EXERCISE: Restate verbatim the span of lines below between the line with "Beautiful couple have" and the line with "bathroom featuring visible", including those two lines, and only that span.

Scraped caption text data:
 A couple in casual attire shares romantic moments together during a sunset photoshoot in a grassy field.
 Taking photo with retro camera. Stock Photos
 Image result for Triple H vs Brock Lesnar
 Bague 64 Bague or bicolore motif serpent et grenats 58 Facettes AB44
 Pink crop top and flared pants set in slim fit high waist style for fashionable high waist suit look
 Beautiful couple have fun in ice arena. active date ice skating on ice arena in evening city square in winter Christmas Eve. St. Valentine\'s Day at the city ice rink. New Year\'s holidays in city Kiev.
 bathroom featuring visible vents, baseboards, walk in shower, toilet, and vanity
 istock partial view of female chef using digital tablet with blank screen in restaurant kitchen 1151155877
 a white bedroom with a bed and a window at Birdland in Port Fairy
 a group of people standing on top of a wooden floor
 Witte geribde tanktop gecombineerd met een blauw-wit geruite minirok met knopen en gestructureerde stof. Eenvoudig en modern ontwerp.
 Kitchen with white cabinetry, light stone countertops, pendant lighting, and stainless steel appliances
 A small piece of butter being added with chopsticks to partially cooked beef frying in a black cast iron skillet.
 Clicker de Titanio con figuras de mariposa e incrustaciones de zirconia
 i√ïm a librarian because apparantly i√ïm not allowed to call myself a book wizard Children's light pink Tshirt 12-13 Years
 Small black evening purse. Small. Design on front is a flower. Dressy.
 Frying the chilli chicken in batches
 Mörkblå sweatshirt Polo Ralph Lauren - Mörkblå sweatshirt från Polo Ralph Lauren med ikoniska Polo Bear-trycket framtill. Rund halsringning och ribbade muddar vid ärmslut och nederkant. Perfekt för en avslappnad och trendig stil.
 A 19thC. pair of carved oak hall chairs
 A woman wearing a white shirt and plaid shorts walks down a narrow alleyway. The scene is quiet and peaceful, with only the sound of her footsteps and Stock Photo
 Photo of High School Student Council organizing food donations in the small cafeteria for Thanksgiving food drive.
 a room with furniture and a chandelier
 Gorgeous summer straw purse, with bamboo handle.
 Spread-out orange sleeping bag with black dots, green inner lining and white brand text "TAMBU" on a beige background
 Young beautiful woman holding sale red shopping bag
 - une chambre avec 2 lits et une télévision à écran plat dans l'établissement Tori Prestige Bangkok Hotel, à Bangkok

TASK RESULT:
 Beautiful couple have fun in ice arena. active date ice skating on ice arena in evening city square in winter Christmas Eve. St. Valentine\'s Day at the city ice rink. New Year\'s holidays in city Kiev.
 bathroom featuring visible vents, baseboards, walk in shower, toilet, and vanity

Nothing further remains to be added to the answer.